> Problem: Reproduce exactly the lines from the one containing "Safet Gjici prek" through the end of the listing, minus the pictures.

> Given information:
*** Begin section ***
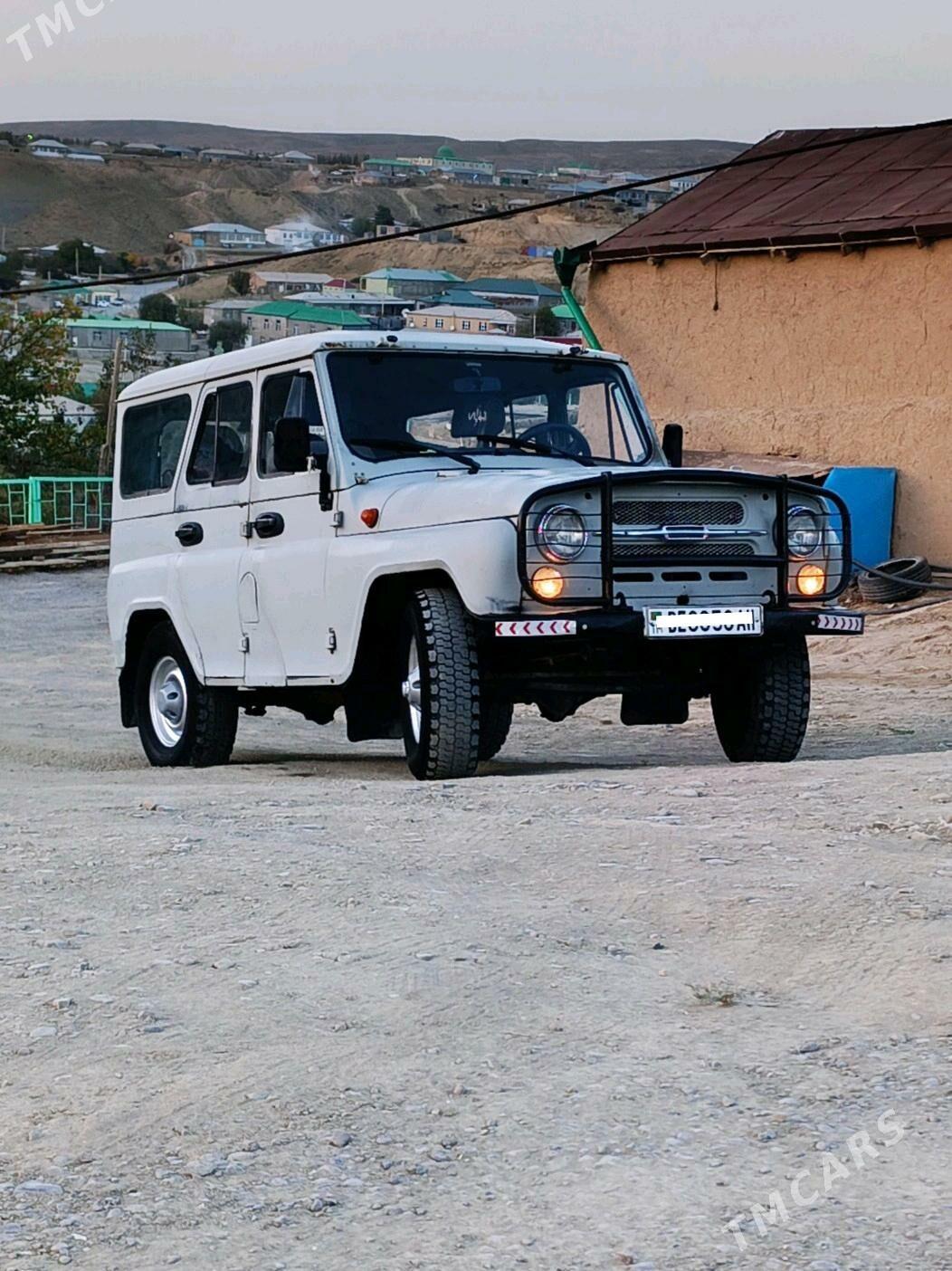 UAZ 469 2002 - 62 000 TMT - Бахарден - img 4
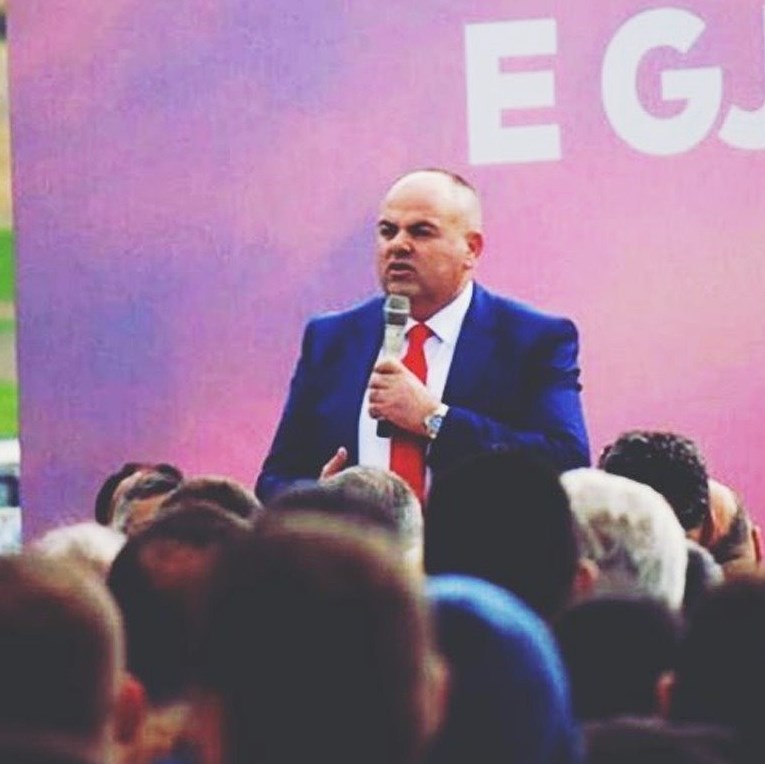 Safet Gjici prek me videon e publikuar ne rrjetet e tij sociale dhe mesazhin qe percjell : “Jeta është e çmuar…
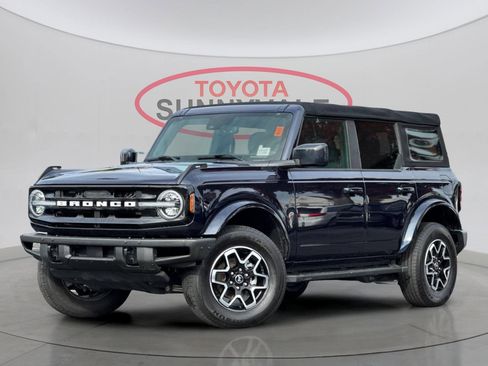 Used 2021 Ford Bronco Outer Banks image 2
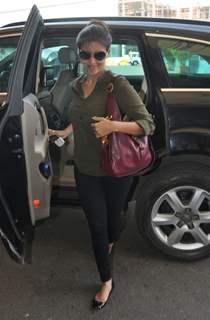 Akshay Kumar and Asin at the airport leaving for Dubai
*** End section ***
> Exercise response:
 Safet Gjici prek me videon e publikuar ne rrjetet e tij sociale dhe mesazhin qe percjell : “Jeta është e çmuar…
 Used 2021 Ford Bronco Outer Banks image 2
 Akshay Kumar and Asin at the airport leaving for Dubai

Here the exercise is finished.